軽量なろうリーダー

作品タイトル不明

第百十九話 魔法院の地下にて

――ライノール王国の学術機関である魔法院は、夜間になると閉鎖され、生徒や講師の出入りも制限される。

これは主に、外部からの侵入を防ぐことを目的としてのものだ。

魔法院は王国における魔導の中枢の一つでもあるため、外部に漏らせない秘密も相応に存在する。

門は閉じられ、侵入者を拒み。

敷地内には侵入者を感知して警報が鳴るよう、仕掛けが施される。

すでに当直の講師も建物内の巡回を終えており、あとは魔導師ギルドの外周を警備する衛兵に任せるのみだ。

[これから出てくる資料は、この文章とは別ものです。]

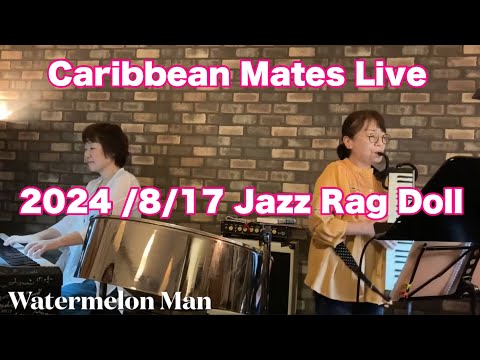 Watermelon Man  Caribbean Mates Live   2024 /8/17 Jazz Rag Doll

そんな人っ子一人いないはずの魔法院に、一人の少女の姿があった。

サイファイス公爵家令嬢、クローディア・サイファイス。

この夜、彼女は祖父であるエグバード・サイファイスに呼び出され、夜間は立ち入りを禁止されている院内へと足を踏み入れていた。

エグバードが待ち合わせの場所として指定したのは、生徒たちの憩いの場である中庭だ。

クローディアが中庭にたどり着くと、中央に設置されている刻印式の噴水の前に、エグバードの姿があった。

サイファイス家代々の当主はここ魔法院を管理する院長を司り、エグバードも現院長を務めている。

すでに枯れ枝と形容されることもある老齢の境だが、衰えを感じさせない立ち姿。

偉丈夫と呼ばれるに相応しい身の丈を持ち、身体には強大な魔力が充溢している。

白の法衣に身を包み、星を眺める姿はさながら大魔導師と謳われたメガスのよう。

クローディアは敬愛する祖父の前で、優美な礼を執った。

「おじいさま。お待たせして申し訳ございませんわ」

「クローディア。このような時間に呼び立ててすまぬな」

「いえ。おじいさまがわざわざこうしてわたくしをお呼びになったということは、重大な要件ということでしょう。サイファイス家の一員として、孫娘として、大変光栄に思いますわ」

クローディアはそう言うと、エグバードに向かって穏やかにほほ笑む。

慇懃と装飾に過ぎた言葉だが、それを嫌味に思わせないのは、彼女の育ちの良さゆえか。

エグバードはそんな孫娘の言葉を自然のものと受け取って、すぐに本題に入る。

「今日お前をここに呼んだのは他でもない。お前に見せておきたいものがあるからだ」

「はい」

「お前はサイファイス家の次の当主となるべき身であり、私ももう老齢だ。そろそろ頃合いであろう」

「そんなことをおっしゃらないでくださいませ。おじいさまはまだまだお元気ですわ」

「うむ。気を遣ってくれてすまぬな」

「いえ、気遣いなどではなく……」

健気に食い下がろうとするクローディアを、エグバードは慈しむように見下ろす。

やがて、エグバードがゆっくりと歩き出した。

言葉少なな祖父の、言外に「ついてきなさい」という態度に対し、クローディアは大人しくそのあとを付いていく。

中庭から回廊を経て、建物内の廊下へ。

そんな中、ふとクローディアは、自分が見覚えのない場所を歩いていることに気づいた。

……クローディアも、魔法院に入学してすでに二年の月日が経つ。

院内の構造は見慣れたものであり、すでに知らない場所はない。

そう思っていたが、いま歩いてきた場所は、まるで見た覚えがなかった。

調度品は逆さ向きに置かれており。

踏みしめるのは床ではなく天井で。

窓から見える外の景色も同じ、足元には星が散りばめられている。

まるで、自分たちだけ逆さ向きの世界に囚われてしまったかのようにも思えた。

「おじいさま、これは」

「クローディア。この道順をよく覚えておきなさい。ここに来るには、この道順を辿らなければ来ることはできない」

エグバードは、いつものように、特に多くは語らず。

であるがゆえに、発した言葉はいつも重要ものばかりだ。

クローディアはそれ以上問いかけることはせず、大人しくエグバードのあとを付いて行く。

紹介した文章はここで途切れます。